With the recent Ebola crisis, officials in Sierra Leone have seen a rise in mental health concerns. Mustapha Kallon’s problems are typical. He survived Ebola but lost many family members during the epidemic.

“Whenever I think of my parents, I feel depressed,” he said.

Kallon said he turned to alcohol to cope with his grief. He was still receiving care in the Ebola treatment unit when his parents died from the virus.
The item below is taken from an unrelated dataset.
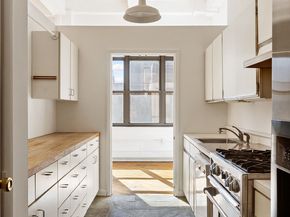 161 West 15th Street 4C, New York NY 10011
He didn’t get to say goodbye and doesn’t even know where they are buried.

Ebola survivor Mustapha Kallon says that "when I am among my colleague survivors, we explain to ourselves what we go through, and that helps us to forget about the past and face the future," April 6, 2017 (N. DeVries/VOA)
Ebola survivor Mustapha Kallon says that “when I am among my colleague survivors, we explain to ourselves what we go through, and that helps us to forget about the past and face the future,” April 6, 2017 (N. DeVries/VOA)
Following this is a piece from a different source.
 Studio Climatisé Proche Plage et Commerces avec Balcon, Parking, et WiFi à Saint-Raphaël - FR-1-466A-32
Sometimes Kallon goes with fellow Ebola survivors when they visit the graves of their loved ones.

‘I always cry’

“I feel like dying … I always cry when I am there,” he said. “I always feel pity, because I can’t find their graves.”

The corpses of people infected with Ebola can be very contagious. During the epidemic, burying the dead quickly and safely was so important to stopping transmission that proper records were not kept and some graves were left unmarked.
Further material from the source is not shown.